A few Linux kernel releases have passed since there have been any new features to talk about for the AMD P-State driver for CPU frequency scaling / power management with modern AMD Ryzen and EPYC processors. But for the upcoming Linux 7.1 kernel there are some new features now ready for mainline.
There are a few new features for the “amd_pstate” driver with Linux 7.1 plus a couple of fixes too. Mario Limonciello of AMD, who has now taken over as the formal AMD P-State driver maintainer, sent out the pull request today for queuing in the power management subsystem’s “-next” branch until the Linux 7.1 merge window opens up later in April.
First up is the AMD CPPC Performance Priority feature set for inclusion in Linux 7.1. The CPPC Performance Priority lets user-space assign different floor performance levels to different CPU cores.
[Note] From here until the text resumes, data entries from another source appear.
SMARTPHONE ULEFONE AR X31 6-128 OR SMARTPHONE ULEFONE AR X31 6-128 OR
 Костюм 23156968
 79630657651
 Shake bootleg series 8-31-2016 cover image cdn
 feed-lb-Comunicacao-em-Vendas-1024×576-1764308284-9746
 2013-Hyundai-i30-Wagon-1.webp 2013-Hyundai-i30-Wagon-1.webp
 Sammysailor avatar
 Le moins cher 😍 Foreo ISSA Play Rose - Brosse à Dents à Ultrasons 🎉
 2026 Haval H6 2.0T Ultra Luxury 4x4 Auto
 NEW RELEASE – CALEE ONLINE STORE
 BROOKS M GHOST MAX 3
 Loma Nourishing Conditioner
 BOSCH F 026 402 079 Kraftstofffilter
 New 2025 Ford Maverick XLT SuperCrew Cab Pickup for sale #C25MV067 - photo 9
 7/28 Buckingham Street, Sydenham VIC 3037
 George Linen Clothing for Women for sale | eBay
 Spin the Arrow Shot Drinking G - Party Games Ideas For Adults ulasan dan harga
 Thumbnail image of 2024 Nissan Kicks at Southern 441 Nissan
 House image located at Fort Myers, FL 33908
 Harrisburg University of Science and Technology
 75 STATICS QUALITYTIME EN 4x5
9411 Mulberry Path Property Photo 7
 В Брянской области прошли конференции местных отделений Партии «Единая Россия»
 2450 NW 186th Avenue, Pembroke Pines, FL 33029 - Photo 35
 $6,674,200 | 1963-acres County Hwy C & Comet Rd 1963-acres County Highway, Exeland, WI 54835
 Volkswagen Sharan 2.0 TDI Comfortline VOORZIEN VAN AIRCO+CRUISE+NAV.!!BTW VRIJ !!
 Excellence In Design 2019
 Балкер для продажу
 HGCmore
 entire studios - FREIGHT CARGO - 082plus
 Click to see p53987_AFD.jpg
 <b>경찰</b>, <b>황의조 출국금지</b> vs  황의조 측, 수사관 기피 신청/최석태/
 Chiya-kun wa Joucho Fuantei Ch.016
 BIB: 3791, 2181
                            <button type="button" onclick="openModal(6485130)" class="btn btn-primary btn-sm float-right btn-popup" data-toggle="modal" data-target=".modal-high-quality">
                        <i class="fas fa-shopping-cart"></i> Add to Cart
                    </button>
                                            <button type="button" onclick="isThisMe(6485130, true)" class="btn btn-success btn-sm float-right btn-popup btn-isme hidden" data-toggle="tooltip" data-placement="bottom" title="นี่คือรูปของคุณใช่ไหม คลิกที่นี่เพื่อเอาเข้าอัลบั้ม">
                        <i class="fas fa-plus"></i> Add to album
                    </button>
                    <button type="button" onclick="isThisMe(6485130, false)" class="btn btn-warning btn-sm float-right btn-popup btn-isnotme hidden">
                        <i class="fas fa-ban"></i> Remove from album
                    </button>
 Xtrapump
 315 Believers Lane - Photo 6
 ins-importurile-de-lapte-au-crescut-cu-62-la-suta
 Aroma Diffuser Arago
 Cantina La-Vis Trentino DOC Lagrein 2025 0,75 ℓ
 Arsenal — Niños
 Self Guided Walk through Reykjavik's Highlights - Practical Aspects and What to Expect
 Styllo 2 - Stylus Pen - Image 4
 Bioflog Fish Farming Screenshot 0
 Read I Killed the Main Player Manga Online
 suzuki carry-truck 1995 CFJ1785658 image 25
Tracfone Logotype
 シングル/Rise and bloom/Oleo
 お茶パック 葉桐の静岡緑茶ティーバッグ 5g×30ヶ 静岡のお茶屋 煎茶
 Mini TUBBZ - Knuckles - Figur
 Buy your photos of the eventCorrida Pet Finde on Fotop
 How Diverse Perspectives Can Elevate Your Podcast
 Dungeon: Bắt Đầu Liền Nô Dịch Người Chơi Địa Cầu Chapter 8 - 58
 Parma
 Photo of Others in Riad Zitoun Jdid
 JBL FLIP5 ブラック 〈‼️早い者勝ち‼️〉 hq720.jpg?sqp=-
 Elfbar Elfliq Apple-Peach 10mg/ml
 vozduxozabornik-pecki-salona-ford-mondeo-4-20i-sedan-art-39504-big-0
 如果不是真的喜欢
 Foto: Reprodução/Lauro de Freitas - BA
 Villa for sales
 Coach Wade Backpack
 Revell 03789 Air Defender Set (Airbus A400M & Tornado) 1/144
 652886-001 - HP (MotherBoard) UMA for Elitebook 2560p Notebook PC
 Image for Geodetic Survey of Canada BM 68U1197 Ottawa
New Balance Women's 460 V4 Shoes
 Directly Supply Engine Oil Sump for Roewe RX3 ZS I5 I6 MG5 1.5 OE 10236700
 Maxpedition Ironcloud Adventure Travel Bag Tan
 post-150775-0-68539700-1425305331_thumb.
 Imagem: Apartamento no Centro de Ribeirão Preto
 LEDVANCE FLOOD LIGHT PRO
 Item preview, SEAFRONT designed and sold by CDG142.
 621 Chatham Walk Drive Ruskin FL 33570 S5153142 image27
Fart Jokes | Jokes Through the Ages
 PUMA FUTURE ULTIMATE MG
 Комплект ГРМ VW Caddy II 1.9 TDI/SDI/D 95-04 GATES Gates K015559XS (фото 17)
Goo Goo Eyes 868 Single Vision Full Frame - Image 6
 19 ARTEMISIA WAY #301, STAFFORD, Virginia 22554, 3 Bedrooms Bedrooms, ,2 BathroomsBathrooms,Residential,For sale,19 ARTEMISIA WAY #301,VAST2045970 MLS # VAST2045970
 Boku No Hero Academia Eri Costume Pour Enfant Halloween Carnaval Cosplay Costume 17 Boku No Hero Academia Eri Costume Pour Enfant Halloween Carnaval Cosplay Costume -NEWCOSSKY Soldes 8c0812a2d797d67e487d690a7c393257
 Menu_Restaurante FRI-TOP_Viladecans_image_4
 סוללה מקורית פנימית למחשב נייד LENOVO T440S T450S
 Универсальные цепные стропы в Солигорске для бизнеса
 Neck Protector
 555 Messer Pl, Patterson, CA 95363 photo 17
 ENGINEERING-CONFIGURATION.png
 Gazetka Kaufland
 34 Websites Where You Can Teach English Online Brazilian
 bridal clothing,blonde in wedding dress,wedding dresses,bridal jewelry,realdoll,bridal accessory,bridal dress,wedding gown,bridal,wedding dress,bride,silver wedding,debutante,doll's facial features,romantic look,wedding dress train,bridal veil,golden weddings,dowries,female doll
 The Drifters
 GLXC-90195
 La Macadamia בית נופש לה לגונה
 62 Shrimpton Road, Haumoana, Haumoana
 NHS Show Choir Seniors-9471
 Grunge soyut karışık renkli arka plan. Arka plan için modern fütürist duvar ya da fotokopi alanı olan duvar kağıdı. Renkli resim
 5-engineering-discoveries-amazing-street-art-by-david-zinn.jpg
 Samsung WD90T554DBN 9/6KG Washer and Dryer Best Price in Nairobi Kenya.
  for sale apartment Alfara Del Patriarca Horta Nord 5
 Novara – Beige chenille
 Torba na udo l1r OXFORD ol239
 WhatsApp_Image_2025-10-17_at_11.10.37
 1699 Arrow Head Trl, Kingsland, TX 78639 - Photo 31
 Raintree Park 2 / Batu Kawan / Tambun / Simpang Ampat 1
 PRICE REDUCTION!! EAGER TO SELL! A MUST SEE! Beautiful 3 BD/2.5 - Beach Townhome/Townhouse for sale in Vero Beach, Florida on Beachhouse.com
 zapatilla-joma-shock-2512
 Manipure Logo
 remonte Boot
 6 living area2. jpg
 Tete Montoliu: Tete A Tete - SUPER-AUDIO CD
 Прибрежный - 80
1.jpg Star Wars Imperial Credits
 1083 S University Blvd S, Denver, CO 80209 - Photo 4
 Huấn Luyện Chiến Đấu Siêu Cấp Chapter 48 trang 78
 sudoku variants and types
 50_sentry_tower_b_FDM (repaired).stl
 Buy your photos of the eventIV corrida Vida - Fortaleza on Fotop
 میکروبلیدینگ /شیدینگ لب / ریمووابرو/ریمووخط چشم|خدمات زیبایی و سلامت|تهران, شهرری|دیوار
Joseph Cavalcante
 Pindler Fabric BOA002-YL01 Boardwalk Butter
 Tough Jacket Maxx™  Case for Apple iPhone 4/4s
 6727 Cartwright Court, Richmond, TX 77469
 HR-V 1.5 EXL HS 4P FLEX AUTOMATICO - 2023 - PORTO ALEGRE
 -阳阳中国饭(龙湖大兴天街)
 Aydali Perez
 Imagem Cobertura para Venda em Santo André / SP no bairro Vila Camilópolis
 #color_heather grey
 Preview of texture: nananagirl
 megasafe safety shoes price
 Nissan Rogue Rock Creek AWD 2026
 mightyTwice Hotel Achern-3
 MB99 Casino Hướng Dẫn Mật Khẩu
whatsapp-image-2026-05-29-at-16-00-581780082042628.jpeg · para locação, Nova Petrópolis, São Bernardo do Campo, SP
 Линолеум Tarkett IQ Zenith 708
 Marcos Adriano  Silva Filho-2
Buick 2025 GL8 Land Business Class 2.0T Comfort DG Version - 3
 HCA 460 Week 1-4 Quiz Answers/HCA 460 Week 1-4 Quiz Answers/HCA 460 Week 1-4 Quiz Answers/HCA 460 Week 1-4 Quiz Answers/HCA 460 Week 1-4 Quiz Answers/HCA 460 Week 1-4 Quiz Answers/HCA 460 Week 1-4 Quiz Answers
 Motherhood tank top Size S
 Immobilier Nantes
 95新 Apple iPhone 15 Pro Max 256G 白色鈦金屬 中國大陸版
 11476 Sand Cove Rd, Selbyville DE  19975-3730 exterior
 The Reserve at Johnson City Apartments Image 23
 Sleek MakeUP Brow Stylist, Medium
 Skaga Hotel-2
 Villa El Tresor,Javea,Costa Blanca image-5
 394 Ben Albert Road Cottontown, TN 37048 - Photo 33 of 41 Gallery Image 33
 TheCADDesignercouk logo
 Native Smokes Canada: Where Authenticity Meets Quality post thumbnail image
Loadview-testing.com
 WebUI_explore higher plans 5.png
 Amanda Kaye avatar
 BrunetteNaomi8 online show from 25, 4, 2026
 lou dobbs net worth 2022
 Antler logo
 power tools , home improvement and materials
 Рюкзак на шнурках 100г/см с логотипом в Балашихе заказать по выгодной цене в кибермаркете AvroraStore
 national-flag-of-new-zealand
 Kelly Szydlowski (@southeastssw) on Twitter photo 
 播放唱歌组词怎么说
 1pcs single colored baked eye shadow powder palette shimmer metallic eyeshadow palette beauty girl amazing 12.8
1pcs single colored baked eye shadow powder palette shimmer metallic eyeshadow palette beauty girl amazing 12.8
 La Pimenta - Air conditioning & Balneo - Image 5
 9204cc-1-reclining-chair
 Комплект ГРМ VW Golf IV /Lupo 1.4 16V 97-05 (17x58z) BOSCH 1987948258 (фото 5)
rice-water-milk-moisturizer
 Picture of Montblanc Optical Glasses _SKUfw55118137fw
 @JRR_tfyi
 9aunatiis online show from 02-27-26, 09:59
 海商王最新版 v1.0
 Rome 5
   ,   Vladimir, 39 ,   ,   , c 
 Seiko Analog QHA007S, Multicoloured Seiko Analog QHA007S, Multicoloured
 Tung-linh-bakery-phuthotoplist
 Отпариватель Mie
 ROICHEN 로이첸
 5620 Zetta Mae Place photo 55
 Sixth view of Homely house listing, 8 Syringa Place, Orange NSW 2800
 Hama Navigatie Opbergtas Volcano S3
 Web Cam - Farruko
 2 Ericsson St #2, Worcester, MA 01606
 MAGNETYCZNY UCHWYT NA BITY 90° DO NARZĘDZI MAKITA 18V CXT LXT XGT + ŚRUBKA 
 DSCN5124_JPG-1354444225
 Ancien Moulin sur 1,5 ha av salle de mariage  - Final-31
The platform firmware will interpret these floor performance levels for consideration when throttling CPU cores under power and/or thermal constraints. With the AMD P-State driver new “floor_freq” and “floor_count” sysfs attributes are exposed for letting administrators or user-space configuration daemons adapt the power management.
Another new feature for AMD P-State control in Linux 7.1 is Dynamic Energy Performance Preference (EPP). Dynamic Energy Performance Preference allows changing the EPP profile depending upon whether the Ryzen laptop is running on AC or DC power. The EPP values can be dynamically adjusted based on power supply plug-in / plug-out events. Dynamic EPP can be enabled/disabled via the Linux kernel Kconfig or via new boot time options if so desired.
Lastly is a new Raw EPP feature. This overcomes the limitation of the EPP value being an integer between 0 and 255 but the user-configurable options tend to just be one of four preset values. For further tuning of workloads/performance, Raw EPP allows specifying a 0 to 255 value in the sysfs file for the EPP rather than relying on the static options.
AMD P-State for Linux 7.1 also has fixes for real-time “PREEMPT_RT” kernel builds and other bugs being addressed.
This is a nice update for the AMD P-State driver coming in Linux 7.1, especially with the upcoming AMD Zen 6 processors around the corner. The full list of AMD P-State feature patches for Linux 7.1 can be found via today’s pull request.